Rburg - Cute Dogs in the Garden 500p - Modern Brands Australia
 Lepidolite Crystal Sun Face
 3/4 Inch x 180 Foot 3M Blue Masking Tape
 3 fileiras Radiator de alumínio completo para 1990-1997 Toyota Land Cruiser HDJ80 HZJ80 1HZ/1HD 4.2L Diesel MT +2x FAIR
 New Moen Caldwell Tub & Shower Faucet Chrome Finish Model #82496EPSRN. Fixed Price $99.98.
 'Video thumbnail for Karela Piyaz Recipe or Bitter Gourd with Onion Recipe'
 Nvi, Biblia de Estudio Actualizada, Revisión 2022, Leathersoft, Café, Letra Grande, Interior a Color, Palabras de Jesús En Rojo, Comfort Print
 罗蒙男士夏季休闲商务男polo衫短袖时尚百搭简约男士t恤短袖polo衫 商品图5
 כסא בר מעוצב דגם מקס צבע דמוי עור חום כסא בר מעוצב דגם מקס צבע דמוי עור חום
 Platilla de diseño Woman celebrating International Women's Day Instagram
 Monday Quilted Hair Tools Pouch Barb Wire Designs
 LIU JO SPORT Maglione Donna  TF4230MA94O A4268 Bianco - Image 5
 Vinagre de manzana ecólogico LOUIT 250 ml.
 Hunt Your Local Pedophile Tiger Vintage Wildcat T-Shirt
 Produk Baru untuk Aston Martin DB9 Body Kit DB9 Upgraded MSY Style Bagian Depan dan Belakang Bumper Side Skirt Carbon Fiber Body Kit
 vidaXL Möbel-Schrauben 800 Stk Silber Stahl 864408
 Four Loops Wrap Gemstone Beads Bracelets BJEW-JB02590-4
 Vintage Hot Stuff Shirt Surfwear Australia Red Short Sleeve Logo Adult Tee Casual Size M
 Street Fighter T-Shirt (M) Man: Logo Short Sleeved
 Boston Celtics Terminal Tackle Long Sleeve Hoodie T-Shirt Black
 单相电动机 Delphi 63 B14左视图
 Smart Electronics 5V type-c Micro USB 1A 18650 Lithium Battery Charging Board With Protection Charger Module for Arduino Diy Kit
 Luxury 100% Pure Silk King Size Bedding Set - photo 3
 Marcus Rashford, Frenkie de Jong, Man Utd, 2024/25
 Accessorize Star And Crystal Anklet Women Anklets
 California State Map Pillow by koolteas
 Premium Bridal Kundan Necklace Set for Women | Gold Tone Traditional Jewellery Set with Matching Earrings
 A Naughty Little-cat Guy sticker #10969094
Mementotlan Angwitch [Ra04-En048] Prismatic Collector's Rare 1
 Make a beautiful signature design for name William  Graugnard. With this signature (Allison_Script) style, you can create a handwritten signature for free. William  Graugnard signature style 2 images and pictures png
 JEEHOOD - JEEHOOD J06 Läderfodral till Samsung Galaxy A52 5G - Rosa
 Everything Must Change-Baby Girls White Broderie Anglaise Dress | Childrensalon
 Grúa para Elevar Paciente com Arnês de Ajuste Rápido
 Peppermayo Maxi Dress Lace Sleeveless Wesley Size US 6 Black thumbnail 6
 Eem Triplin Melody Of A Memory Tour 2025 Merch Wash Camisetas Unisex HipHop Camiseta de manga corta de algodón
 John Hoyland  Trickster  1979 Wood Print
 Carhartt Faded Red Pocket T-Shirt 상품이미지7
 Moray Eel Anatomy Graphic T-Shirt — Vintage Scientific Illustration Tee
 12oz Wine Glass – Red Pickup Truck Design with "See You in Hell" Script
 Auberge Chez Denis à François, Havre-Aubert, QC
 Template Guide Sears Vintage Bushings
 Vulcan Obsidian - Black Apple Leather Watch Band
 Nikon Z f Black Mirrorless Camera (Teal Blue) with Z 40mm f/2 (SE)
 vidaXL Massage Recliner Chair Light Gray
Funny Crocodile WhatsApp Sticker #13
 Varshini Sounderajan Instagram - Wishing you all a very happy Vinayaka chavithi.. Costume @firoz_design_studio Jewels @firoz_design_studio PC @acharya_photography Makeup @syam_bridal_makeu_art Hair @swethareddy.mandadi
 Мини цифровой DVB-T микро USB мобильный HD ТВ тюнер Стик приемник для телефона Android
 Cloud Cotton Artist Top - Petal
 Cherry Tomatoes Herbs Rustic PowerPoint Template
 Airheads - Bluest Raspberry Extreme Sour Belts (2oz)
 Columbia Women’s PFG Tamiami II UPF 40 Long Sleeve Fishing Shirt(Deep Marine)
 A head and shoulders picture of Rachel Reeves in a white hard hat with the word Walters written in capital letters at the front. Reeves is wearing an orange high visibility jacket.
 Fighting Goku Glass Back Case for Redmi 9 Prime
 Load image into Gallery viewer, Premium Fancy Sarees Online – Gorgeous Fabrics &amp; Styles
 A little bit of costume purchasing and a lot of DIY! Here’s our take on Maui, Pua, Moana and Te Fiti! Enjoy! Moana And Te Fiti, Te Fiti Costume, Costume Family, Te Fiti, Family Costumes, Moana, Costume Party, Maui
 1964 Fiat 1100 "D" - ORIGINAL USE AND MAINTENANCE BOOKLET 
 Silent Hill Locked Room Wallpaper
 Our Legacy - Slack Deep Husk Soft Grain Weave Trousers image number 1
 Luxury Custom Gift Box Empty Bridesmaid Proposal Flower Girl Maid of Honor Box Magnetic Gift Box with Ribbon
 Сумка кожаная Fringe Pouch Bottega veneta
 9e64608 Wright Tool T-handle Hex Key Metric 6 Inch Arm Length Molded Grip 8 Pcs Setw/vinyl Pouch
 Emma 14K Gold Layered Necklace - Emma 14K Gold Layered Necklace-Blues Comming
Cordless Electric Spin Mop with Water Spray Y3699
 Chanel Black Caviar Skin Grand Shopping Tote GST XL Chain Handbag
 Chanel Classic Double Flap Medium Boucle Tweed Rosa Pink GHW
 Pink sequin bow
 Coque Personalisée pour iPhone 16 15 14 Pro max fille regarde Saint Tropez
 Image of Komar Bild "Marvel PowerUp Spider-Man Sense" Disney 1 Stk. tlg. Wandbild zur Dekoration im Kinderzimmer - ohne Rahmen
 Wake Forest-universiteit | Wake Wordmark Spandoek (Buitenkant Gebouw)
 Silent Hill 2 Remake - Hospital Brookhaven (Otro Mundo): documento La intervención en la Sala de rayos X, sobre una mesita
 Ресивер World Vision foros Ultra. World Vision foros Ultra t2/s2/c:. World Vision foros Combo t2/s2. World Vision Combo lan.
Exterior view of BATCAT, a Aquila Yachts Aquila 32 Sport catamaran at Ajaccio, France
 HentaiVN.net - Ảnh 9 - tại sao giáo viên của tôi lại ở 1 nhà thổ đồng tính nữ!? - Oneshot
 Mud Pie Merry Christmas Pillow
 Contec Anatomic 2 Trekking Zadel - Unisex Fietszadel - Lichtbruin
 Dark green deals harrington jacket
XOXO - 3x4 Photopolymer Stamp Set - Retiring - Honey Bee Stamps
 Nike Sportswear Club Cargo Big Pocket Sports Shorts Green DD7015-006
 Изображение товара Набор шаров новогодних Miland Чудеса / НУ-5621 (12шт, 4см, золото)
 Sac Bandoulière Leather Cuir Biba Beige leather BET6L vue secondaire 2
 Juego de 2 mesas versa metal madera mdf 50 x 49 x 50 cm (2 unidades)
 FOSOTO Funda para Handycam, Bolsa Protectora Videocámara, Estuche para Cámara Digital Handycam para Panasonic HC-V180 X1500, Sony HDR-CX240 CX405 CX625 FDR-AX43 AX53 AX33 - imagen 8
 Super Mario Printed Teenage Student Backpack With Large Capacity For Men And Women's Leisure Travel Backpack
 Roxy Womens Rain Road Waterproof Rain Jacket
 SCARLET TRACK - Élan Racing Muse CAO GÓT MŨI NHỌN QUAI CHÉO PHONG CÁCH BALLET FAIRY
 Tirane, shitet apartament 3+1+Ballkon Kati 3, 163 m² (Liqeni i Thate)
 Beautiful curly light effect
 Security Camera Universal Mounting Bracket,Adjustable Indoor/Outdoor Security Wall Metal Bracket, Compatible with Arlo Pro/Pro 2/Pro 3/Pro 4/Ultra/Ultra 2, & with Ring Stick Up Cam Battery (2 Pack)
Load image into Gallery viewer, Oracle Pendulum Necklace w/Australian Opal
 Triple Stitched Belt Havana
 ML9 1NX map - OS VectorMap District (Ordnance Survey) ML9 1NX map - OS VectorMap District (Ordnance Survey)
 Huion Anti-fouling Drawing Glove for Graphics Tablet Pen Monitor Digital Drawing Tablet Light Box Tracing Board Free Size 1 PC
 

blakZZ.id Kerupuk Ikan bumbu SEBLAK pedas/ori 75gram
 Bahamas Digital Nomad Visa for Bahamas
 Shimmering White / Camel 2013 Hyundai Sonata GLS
┄┄┄┄┄┄
> _Problem details_: Your answer should be the exact lines above from the one with "Our Legacy - Slack" through the one with "FOSOTO Funda para", both included, and nothing besides.

> _Solution to this problem_:
 Our Legacy - Slack Deep Husk Soft Grain Weave Trousers image number 1
 Luxury Custom Gift Box Empty Bridesmaid Proposal Flower Girl Maid of Honor Box Magnetic Gift Box with Ribbon
 Сумка кожаная Fringe Pouch Bottega veneta
 9e64608 Wright Tool T-handle Hex Key Metric 6 Inch Arm Length Molded Grip 8 Pcs Setw/vinyl Pouch
 Emma 14K Gold Layered Necklace - Emma 14K Gold Layered Necklace-Blues Comming
Cordless Electric Spin Mop with Water Spray Y3699
 Chanel Black Caviar Skin Grand Shopping Tote GST XL Chain Handbag
 Chanel Classic Double Flap Medium Boucle Tweed Rosa Pink GHW
 Pink sequin bow
 Coque Personalisée pour iPhone 16 15 14 Pro max fille regarde Saint Tropez
 Image of Komar Bild "Marvel PowerUp Spider-Man Sense" Disney 1 Stk. tlg. Wandbild zur Dekoration im Kinderzimmer - ohne Rahmen
 Wake Forest-universiteit | Wake Wordmark Spandoek (Buitenkant Gebouw)
 Silent Hill 2 Remake - Hospital Brookhaven (Otro Mundo): documento La intervención en la Sala de rayos X, sobre una mesita
 Ресивер World Vision foros Ultra. World Vision foros Ultra t2/s2/c:. World Vision foros Combo t2/s2. World Vision Combo lan.
Exterior view of BATCAT, a Aquila Yachts Aquila 32 Sport catamaran at Ajaccio, France
 HentaiVN.net - Ảnh 9 - tại sao giáo viên của tôi lại ở 1 nhà thổ đồng tính nữ!? - Oneshot
 Mud Pie Merry Christmas Pillow
 Contec Anatomic 2 Trekking Zadel - Unisex Fietszadel - Lichtbruin
 Dark green deals harrington jacket
XOXO - 3x4 Photopolymer Stamp Set - Retiring - Honey Bee Stamps
 Nike Sportswear Club Cargo Big Pocket Sports Shorts Green DD7015-006
 Изображение товара Набор шаров новогодних Miland Чудеса / НУ-5621 (12шт, 4см, золото)
 Sac Bandoulière Leather Cuir Biba Beige leather BET6L vue secondaire 2
 Juego de 2 mesas versa metal madera mdf 50 x 49 x 50 cm (2 unidades)
 FOSOTO Funda para Handycam, Bolsa Protectora Videocámara, Estuche para Cámara Digital Handycam para Panasonic HC-V180 X1500, Sony HDR-CX240 CX405 CX625 FDR-AX43 AX53 AX33 - imagen 8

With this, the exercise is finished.